Point in Time Joins and Slowly Changing Dimensions
The Point in Time Join Problem
Point in time joins ensure features computed as of timestamp t only use dimension and aggregate values valid strictly before t. For a user purchase count feature evaluated on January 15th, you must join to user profile, product catalog, and historical aggregates as they existed on January 14th or earlier. Using current state introduces label leakage that inflates training metrics.
Slowly Changing Dimensions
User attributes change over time: addresses, subscription tiers, preferences. A Slowly Changing Dimension (SCD) table tracks these changes with valid from and valid to timestamps. Point in time joins select the SCD record where valid from is less than or equal to feature timestamp and valid to is greater than feature timestamp, reconstructing the state at that historical moment.
Implementation in Spark
Implement as of joins using window functions or range joins. Partition facts by entity and date, partition dimensions by entity. For each fact row, find the most recent dimension row with timestamp less than or equal to fact timestamp. Optimize using bucketing on entity ID and sorting by timestamp to enable merge joins instead of broadcast or shuffle hash joins.
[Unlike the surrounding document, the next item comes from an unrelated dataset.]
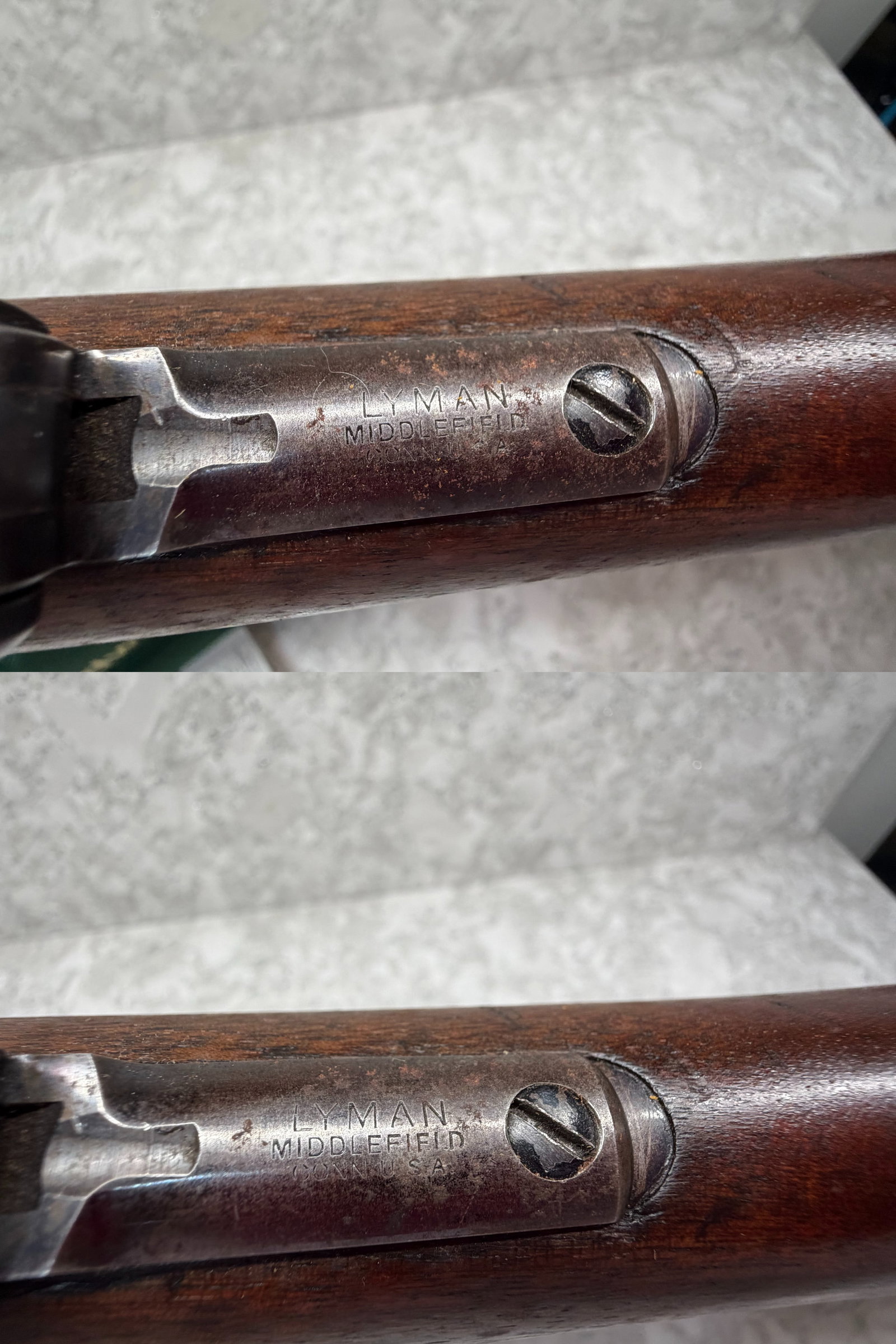 Winchester Model 1894 - 7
Aggregate Feature Backfills
Rolling aggregates (purchases in last 30 days) require special handling. For each training row, you cannot simply compute the current 30 day aggregate; you must compute the 30 day aggregate as of that row timestamp. This means the aggregation window shifts for each row, dramatically increasing compute versus a single current window.
Validation Checks
Assert that no joined dimension timestamp exceeds the fact timestamp. Run anti join queries in CI to catch point in time violations before training begins. A single leaked future value can corrupt thousands of training examples.